This repository is to serve ALREADYME model on FastAPI.
- torch
- fastapi[all]
- omegaconf
- transformers
- loguru
Before starting the server, the fine-tuned model weight is required. While transformers
pipeline has extremely slow, we use pickling to enhance the initialization time. Because of that, some conversion is needed:
import torch
from transformers import pipeline
pipe = pipeline("text-generation", "bloom-1b7-finetuned-readme-270k-steps", torch_dtype=torch.float16, device=0)
torch.save(pipe, "bloom-1b7-finetuned-readme-270k-steps/pipeline.pt")
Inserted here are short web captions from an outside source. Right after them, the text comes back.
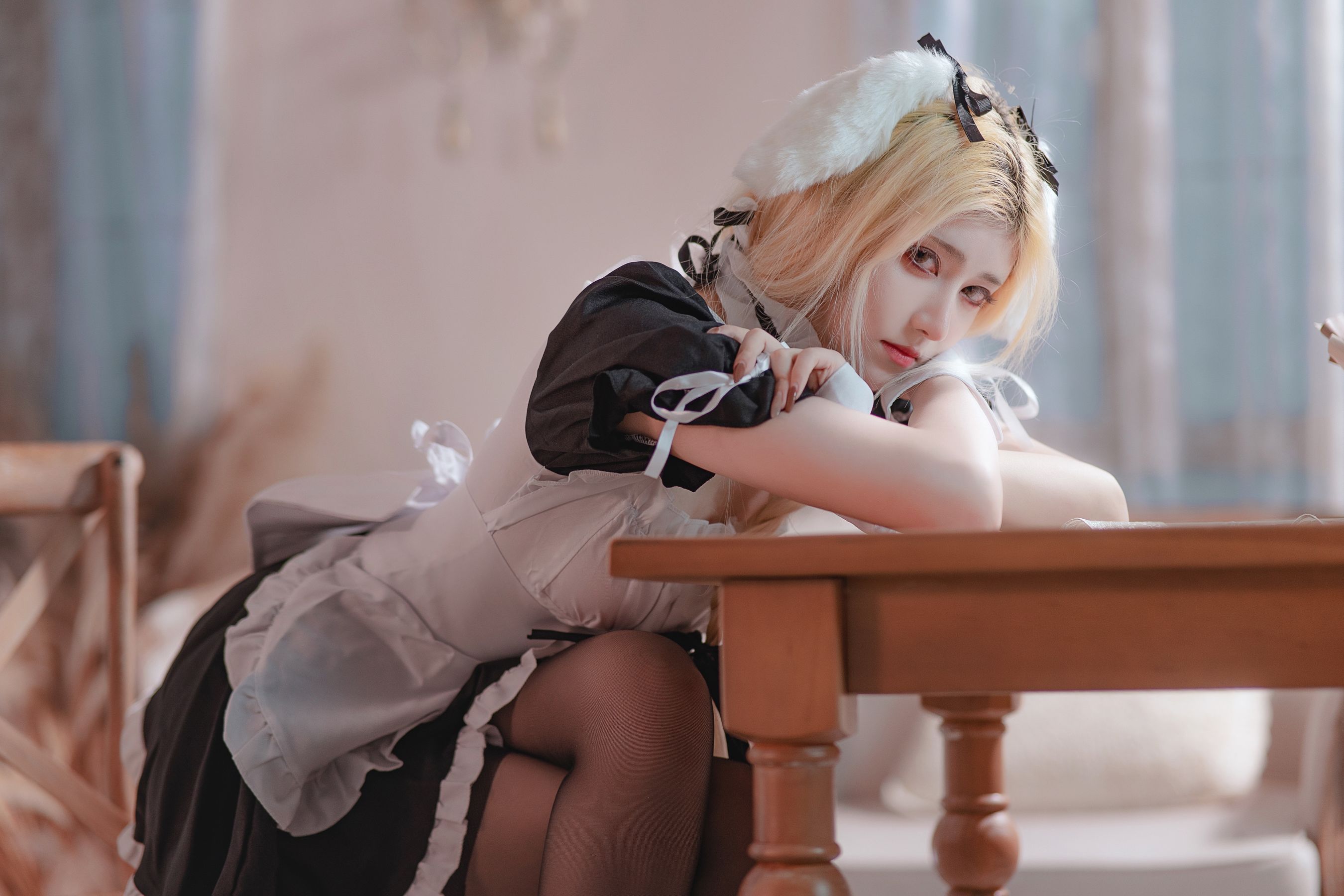 动漫博主南桃Momoko – 主人的命令 福利向 Cosplay-第2张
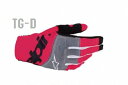 お買物マラソン!5月16日AM1時59分まで!エントリーと買い回りでポイント最大10倍!! Alpinestars (アルパインスターズ) (オフロード) テックスター グローブ BLK/PNK S G4887(2)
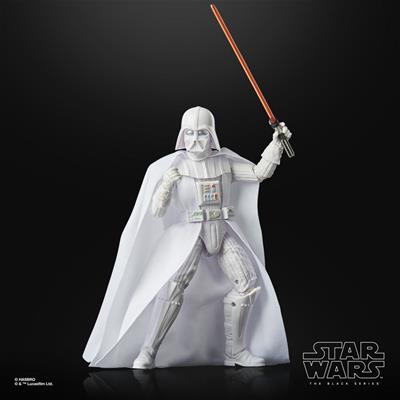 Figura hasbro darth vader star wars infinities black series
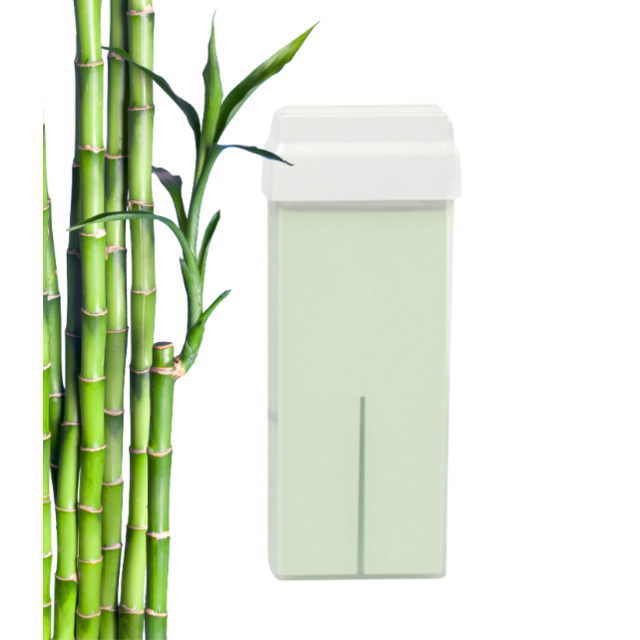 Stripwax Bio Bamboe – Blik 400 ml & Patroon 100 ml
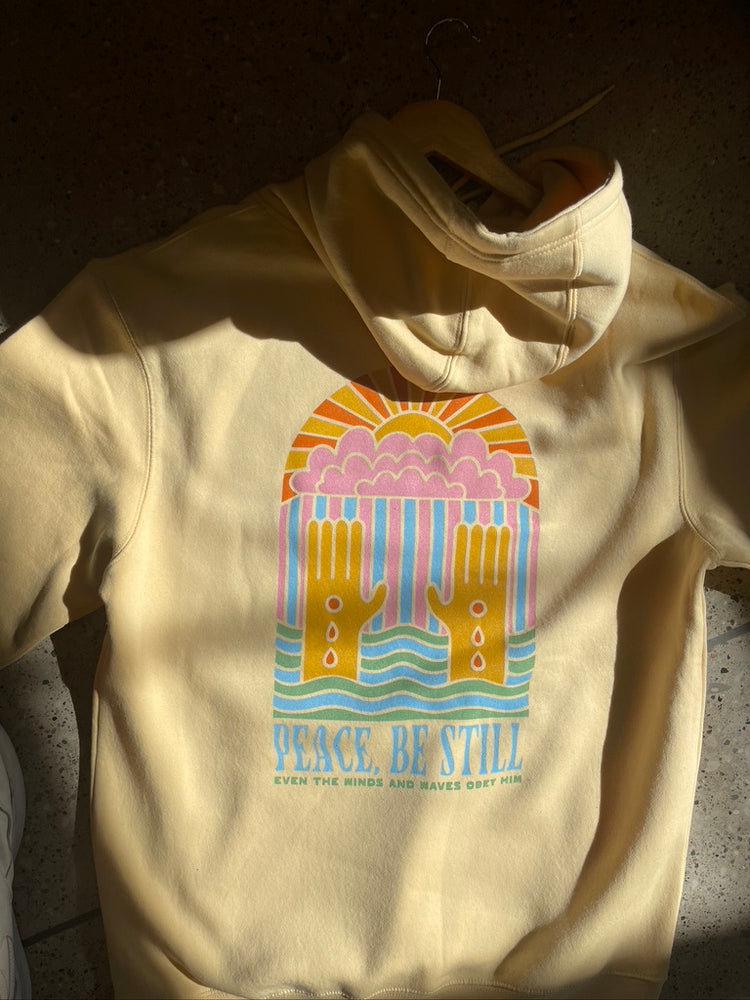 
            
                Load image into Gallery viewer, &amp;quot;Be Still&amp;quot; Lemonade Premium Hoodie
            
        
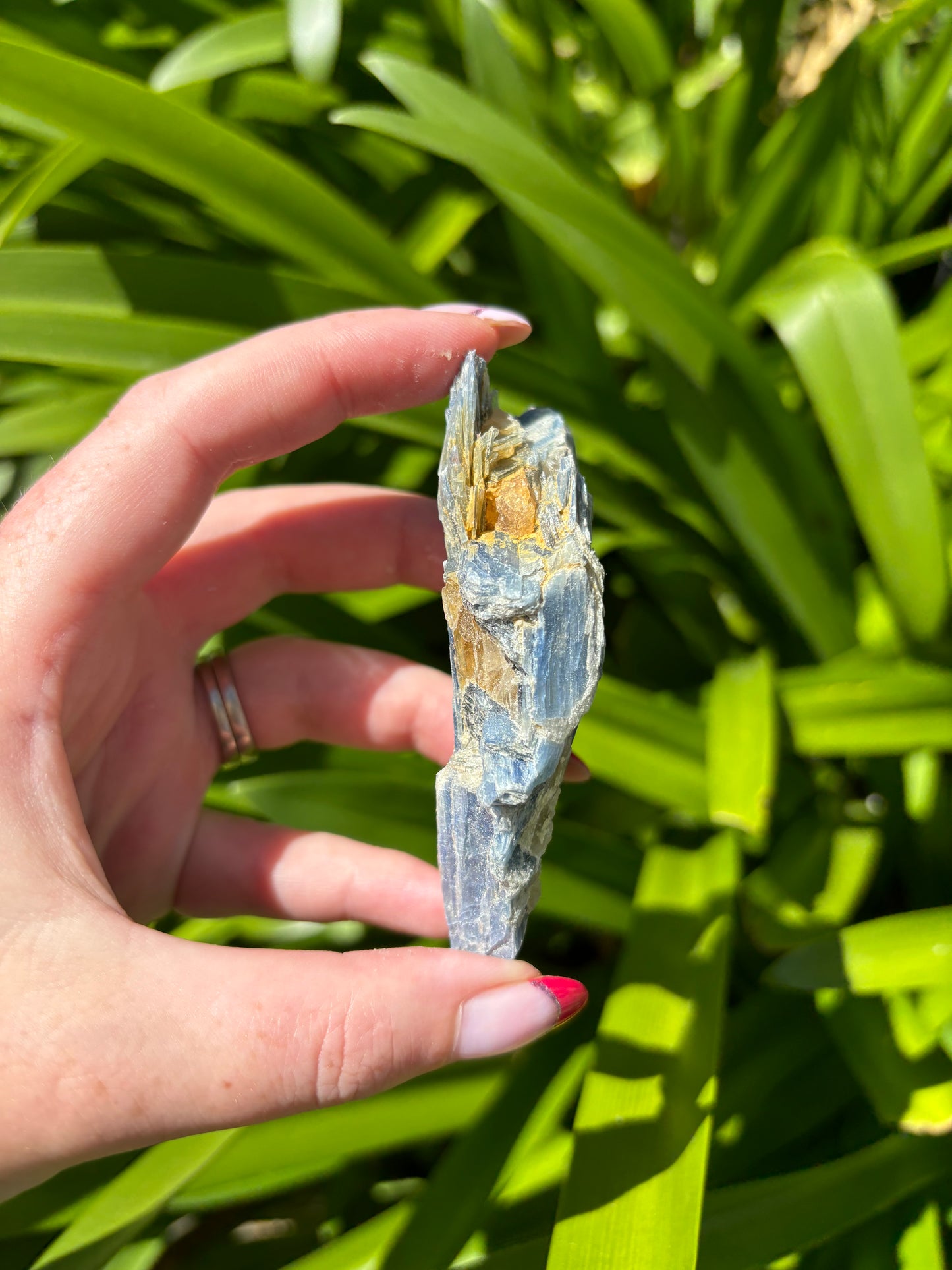 Blue Kyanite Piece E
Move the transformer model to app/resources
and change the path in app/resources/config.yaml
.
We recommend to build a docker image instead using in local. But it would be better to run before building the image to check any bug in the code and your fine-tuned model.
$ cd app
$ uvicorn main:app --ip [your ip address] --port [your port]
We do not provide any pre-build image yet. Build your own image with custom fine-tuned model!
$ docker build -t alreadyme-ai-serving:v0.1.2 -f Dockerfile \
--build-args CUDA_VER=11.6.1 \
--build-args CUDNN_VER=8 \
--build-args UBUNTU_VER=18.04 \
--build-args PYTHON_VER=39
You can change the version of cuda, cudnn, ubuntu and python. They can be useful for compatibility of different cloud environment. After build your image, run docker by:
$ docker run --gpus all -p 8080:80 alreadyme-ai-serving:v0.1.2
The docker container will launch the server on port 80, so you should binding to your own port number (e.g. 8080).
alreadyme-ai-serving supports OpenAPI and you can see the documentation of the APIs in your server. If the server is running locally, check out http://127.0.0.1:8080/docs
for swagger or http://127.0.0.1:8080/redoc
for redoc.
For convenience, we hosted free redoc documentation page. You may login to see the details.
alreadyme-ai-serving is released under the Apache License 2.0. License can be found in here.